Lorsque vous souhaitez changer de société de portage salarial, vous devez tout faire pour ne pas céder à l’appel du taux de gestion le plus faible. Un taux de gestion faible peut cacher des frais. Les organismes de portage salarial proposent différentes formules de prise en charge aux professionnels portés. Votre choix dépendra donc de ce que vous recherchez. Mais il ne faudrait pas vous focaliser sur la formule la moins chère puisqu’elle n’est pas toujours la plus économique.

Il y a aussi le piège lié aux faux organismes de portage salarial qui ne respectent pas la réglementation en vigueur. Il faut rappeler que le portage salarial reste une activité encadrée par une convention collective spécifique et le Code du travail. Les acteurs qui font dans l’inégalité peuvent être sanctionnés. Ils peuvent par exemple être obligés à payer les professionnels portés sans mission. Il existe des indices qui permettent de démasquer ces acteurs. Par exemple, ceux-ci ne parlent pas de mode d’emploi sur leur site web. Ils proposent souvent aux salariés portés un montage financier visant à contourner la législation fiscale française. Ces organismes de portage salarial ne tiennent pas compte de la convention collective dans l’exercice de leurs missions. Selon l’article L1254-24 du Code du travail, le portage salarial demeure une activité qui doit être exercée à titre exclusif. Toute société qui combine une autre prestation à celle du portage salarial ne respecte pas la réglementation.

Troisième piège : la démission en portage salarial

En portage salarial, vous avez la possibilité de bénéficier d’une allocation chômage et les conditions sont identiques à celles d’un emploi classique. Pour profiter de votre droit au chômage, il faudrait que vous soyez privé de votre emploi de façon involontaire. Lorsque vous démissionnez, vous ne pouvez pas faire valoir votre droit au chômage que vous garantit votre période de travail en portage salarial à moins que ce soit un cas exceptionnel. Avec le système de portage salarial, lorsque la prospection n’est pas concluante à la fin de vos missions actuelles, la société de portage salarial mettra sur la table une proposition de rupture de contrat. Lorsqu’une démission systématique vous est proposée, vous devez envisager un autre motif afin de pouvoir profiter de votre droit au chômage. Dans une telle situation, l’entreprise de portage salarial devrait étudier avec le travailleur indépendant l’ensemble des possibilités. Il faudrait privilégier dans ce cas une rupture conventionnelle.

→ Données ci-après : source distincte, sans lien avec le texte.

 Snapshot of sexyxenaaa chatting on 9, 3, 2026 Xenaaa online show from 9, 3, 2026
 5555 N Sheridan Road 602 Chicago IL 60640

Quatrième piège : le mauvais décompte des congés et jours de prospection et la désinscription au chômage

La plupart des organismes de portage salarial ne décomptent pas les jours de congés ou de prospection. Ils payent uniquement les jours de prestations et versent au consultant une prime de congés qui correspond au 10 % de son salaire brut. Il en résulte de nombreux problèmes, dont la perte de 10 % des droits au chômage du consultant lorsque celui-ci prend effectivement des congés. Par ailleurs, la prise en compte des jours de prospection entre deux missions permet d’avoir un meilleur droit au chômage. Vous devez donc veiller à ce que le décompte des jours de congés et de prospection soit bien fait. Il faut noter que l’entreprise de portage salarial et le Pole emploi peuvent exiger les preuves de cette recherche de mission.

La désinscription au chômage est également un piège à éviter. En effet, après la signature de leur contrat de travail, Pole emploi suggère de façon systématique aux salariés portés de les désinscrire. En portage salarial, ces professionnels indépendants ne sont pas toujours rémunérés en absence d’une activité. En restant inscrit, le salarié porté peut cumuler sa rémunération de portage salarial avec son allocation Pole-emploi. Il faudrait catégoriquement refuser et rester inscrit sous prétexte que sans un contrat de prestation, vous n’aurez pas un salaire. Votre rémunération n’est donc pas garantie avec ce système.